Among other roads, Cranborne Avenue is also in progress along with the main road that connects the five Budiriro suburbs.
In Highfield, the pothole patching and drainage clearing works on Main Street road from Willowvale Road to High Glen have been completed while resealing, road markings and repairing of street lights will be commenced soon.
In an interview, Permanent Secretary in the Ministry of Information, Publicity and Broadcasting Services Mr Nick Mangwana said the Second Republic was very much focused on infrastructural development, particularly because infrastructure is an enabler of economic progress.
“So, once you put the enablers in place it means we are creating jobs, and we have created jobs for the future,” he said. “When you go to the countryside, dams are being built, irrigation systems being put in place, roads being constructed.
“So much is happening in terms of infrastructure in towns, roads are being constructed and bridges.
The cement companies are saying their demand is over 45 percent. People outside the country are getting lost because when they were here two years ago things have changed.
“There is so much infrastructure coming up, for instance that the road was impassable, but now accessible. That is how beautiful we are working.”
The Government has so far spent over $1 billion dollars on road rehabilitation, gravelling and drainage structuring to help spur economic growth and development through infrastructural development.
Over 2 000km or roads have been re-gravelled, while 6 627,9km have been graded with 701 drainage structures constructed or repaired and 184 wash-ways reclaimed.

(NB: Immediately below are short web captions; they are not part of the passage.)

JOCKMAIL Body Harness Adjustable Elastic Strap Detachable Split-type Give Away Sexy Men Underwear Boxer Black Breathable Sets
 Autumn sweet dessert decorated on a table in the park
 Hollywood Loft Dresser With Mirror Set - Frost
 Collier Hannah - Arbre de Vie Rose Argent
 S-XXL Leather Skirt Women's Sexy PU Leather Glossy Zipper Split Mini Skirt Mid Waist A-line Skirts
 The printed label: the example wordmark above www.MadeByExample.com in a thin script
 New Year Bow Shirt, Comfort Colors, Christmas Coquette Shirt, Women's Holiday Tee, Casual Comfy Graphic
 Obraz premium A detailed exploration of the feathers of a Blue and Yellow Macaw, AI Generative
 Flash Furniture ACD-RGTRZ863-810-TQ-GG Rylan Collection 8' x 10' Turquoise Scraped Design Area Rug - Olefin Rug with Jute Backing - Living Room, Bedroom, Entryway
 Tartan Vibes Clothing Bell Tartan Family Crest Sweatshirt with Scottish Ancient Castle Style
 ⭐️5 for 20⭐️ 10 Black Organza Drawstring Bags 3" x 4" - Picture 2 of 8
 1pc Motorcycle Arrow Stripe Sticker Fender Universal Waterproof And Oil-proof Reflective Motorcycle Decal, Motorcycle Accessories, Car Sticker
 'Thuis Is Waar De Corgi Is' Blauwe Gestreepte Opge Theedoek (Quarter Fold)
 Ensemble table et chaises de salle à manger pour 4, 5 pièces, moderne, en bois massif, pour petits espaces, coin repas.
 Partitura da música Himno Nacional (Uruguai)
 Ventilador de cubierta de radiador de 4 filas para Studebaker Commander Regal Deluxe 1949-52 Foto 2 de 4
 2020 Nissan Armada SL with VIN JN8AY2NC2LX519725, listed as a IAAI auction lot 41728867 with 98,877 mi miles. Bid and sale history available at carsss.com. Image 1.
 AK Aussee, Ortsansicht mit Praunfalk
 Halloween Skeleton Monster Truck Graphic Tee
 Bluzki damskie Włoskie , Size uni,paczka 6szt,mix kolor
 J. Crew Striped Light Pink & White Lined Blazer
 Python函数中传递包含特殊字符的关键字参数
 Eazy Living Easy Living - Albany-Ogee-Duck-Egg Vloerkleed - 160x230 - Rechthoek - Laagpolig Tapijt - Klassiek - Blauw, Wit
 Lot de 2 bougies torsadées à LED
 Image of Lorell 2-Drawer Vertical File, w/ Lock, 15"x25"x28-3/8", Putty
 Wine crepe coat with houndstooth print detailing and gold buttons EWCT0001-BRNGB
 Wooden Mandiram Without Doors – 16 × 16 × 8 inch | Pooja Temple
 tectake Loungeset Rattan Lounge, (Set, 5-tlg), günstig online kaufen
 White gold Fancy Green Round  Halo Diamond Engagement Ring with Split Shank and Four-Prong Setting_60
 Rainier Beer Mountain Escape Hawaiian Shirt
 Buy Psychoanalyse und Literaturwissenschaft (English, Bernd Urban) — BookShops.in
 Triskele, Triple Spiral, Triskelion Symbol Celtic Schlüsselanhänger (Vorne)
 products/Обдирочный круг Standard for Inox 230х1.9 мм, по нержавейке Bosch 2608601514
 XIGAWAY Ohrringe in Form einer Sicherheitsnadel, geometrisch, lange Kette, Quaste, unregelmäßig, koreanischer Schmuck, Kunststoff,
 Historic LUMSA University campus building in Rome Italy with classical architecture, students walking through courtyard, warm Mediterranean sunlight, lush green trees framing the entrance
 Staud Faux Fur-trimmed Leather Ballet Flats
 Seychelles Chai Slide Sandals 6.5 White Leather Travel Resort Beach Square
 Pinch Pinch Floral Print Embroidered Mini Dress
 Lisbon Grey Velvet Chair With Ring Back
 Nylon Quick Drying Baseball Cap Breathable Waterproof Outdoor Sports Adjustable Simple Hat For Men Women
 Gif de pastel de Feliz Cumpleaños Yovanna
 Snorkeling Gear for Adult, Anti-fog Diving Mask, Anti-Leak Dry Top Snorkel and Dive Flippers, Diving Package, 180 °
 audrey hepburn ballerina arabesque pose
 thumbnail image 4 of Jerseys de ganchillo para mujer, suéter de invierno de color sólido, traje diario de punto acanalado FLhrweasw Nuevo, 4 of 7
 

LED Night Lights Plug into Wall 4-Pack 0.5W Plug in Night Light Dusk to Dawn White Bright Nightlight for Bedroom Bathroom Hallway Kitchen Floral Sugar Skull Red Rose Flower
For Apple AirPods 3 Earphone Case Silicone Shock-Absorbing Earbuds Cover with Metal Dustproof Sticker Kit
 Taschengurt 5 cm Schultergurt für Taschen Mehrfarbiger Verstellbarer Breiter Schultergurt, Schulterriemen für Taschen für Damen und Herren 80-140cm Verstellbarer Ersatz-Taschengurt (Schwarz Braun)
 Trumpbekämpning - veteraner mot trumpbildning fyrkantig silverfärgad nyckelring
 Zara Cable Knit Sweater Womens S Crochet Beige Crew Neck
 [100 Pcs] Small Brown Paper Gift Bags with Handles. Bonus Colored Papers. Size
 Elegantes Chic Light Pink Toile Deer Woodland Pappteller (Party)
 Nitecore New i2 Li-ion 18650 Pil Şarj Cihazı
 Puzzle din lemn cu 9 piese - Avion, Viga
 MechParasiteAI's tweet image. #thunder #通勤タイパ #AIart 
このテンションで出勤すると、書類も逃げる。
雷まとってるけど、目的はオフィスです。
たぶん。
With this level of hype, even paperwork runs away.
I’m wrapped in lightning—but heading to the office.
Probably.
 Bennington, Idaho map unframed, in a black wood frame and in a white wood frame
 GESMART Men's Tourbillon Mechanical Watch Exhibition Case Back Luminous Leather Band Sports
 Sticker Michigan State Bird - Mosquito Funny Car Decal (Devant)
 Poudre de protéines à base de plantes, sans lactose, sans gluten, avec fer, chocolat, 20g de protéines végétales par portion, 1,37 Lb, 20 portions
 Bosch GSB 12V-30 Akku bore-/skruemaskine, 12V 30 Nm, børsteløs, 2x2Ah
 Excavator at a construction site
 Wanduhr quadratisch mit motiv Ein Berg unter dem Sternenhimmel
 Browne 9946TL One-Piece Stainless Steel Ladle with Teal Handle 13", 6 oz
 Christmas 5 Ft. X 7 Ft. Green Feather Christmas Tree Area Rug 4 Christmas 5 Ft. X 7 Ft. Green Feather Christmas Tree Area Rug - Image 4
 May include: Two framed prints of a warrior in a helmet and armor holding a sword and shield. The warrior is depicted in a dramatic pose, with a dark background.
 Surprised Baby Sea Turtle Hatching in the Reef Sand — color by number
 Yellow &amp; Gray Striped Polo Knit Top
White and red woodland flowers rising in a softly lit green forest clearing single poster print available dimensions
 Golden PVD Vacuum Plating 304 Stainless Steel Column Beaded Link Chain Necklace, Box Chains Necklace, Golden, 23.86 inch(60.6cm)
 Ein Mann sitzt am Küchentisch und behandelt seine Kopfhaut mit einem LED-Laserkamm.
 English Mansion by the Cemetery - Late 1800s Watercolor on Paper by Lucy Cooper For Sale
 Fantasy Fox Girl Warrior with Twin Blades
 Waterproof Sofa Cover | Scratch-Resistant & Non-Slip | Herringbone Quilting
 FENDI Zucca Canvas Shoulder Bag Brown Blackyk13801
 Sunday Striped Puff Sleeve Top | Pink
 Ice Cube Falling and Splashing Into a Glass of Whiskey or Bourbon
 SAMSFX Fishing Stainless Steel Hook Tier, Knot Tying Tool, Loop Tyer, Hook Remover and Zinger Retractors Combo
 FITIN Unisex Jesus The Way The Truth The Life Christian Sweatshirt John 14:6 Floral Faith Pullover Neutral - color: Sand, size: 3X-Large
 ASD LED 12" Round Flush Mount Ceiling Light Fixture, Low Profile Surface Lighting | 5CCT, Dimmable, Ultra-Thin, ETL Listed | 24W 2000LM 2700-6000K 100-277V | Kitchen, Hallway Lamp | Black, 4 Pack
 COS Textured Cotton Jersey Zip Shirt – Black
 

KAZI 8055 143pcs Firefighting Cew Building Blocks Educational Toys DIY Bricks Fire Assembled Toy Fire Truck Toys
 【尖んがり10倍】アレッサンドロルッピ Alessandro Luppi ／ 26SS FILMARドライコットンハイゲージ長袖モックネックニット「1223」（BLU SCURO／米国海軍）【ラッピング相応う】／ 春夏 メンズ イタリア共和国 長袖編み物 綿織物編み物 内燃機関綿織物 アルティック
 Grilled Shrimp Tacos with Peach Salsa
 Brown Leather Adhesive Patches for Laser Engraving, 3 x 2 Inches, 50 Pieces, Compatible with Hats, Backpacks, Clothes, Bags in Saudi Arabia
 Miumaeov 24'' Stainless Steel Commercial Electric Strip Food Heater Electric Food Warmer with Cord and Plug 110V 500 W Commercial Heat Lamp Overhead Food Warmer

Across the country, 4 491,5km of drains have been opened, while 6 141,2 km of verges have been cleared with progress continuing to be made on the patching of potholes with a cumulative of 4 794,8km having been attended to.
Road construction falls under the National Development Strategy 1’s infrastructure cluster, and roads are regarded as key economic enablers in line with the attainment of Vision 2030 and of an empowered upper middle income society.